* _TASK INPUTS_:
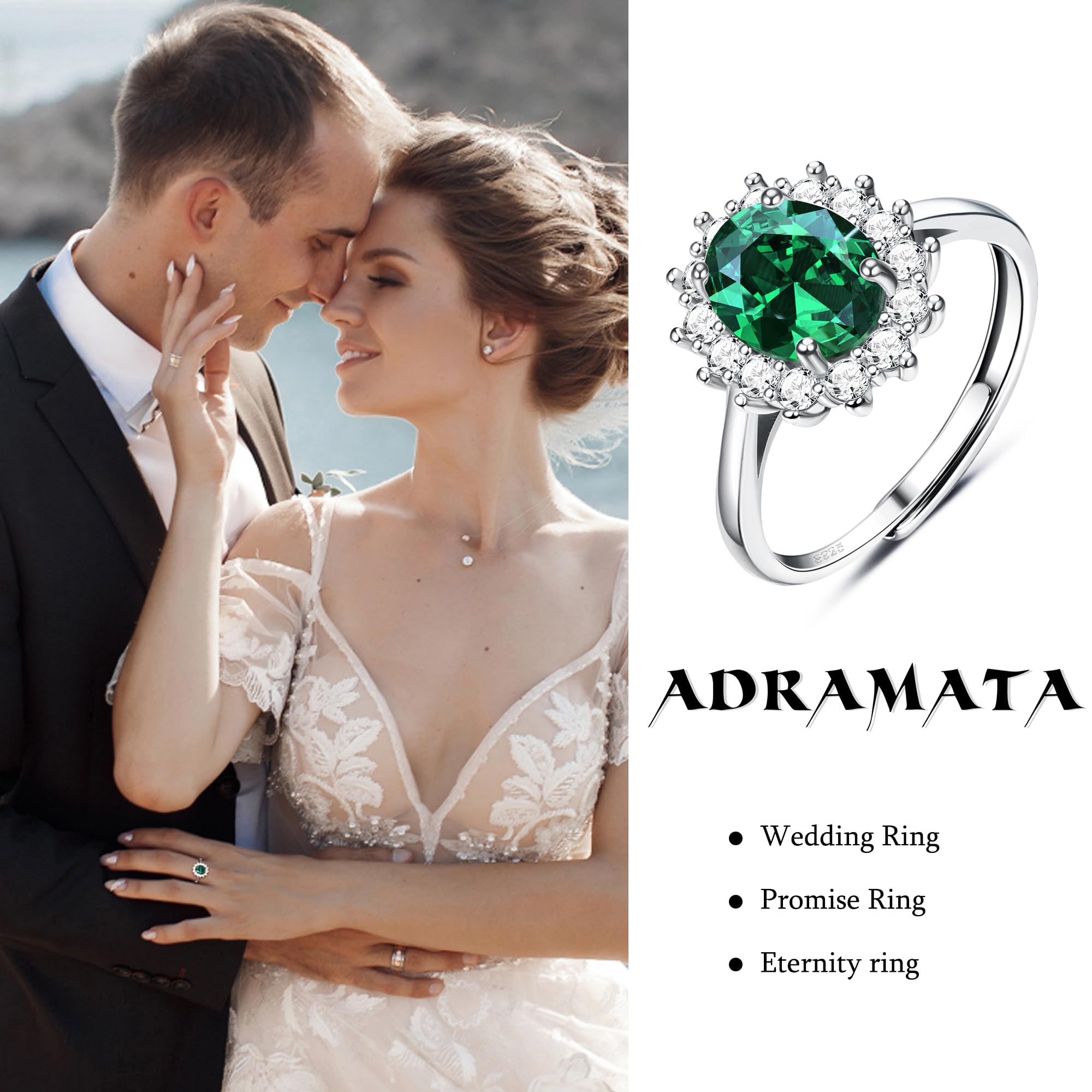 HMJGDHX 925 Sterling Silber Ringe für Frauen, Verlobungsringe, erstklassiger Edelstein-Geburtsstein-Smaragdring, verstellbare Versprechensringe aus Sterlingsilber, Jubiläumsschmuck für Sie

---

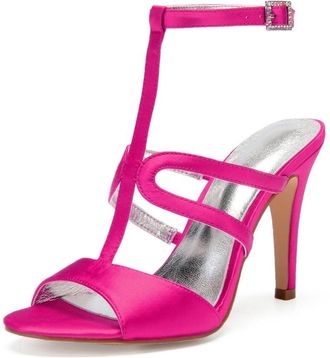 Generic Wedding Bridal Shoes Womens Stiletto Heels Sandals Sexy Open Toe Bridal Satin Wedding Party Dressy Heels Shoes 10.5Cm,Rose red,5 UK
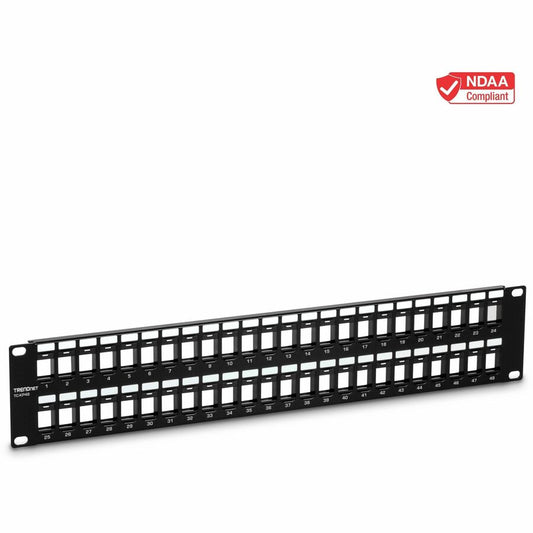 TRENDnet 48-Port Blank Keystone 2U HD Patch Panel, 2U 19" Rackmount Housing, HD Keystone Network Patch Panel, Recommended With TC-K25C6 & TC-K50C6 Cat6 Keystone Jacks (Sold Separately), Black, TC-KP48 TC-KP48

* _AIM OF THE EXERCISE_: In the listing above, find the line with "Generic Wedding Bridal" and the line with "TRENDnet 48-Port Blank". Output both, plus every line between them, and no pictures.

* _COMPLETED TASK_:
 Generic Wedding Bridal Shoes Womens Stiletto Heels Sandals Sexy Open Toe Bridal Satin Wedding Party Dressy Heels Shoes 10.5Cm,Rose red,5 UK
 TRENDnet 48-Port Blank Keystone 2U HD Patch Panel, 2U 19" Rackmount Housing, HD Keystone Network Patch Panel, Recommended With TC-K25C6 & TC-K50C6 Cat6 Keystone Jacks (Sold Separately), Black, TC-KP48 TC-KP48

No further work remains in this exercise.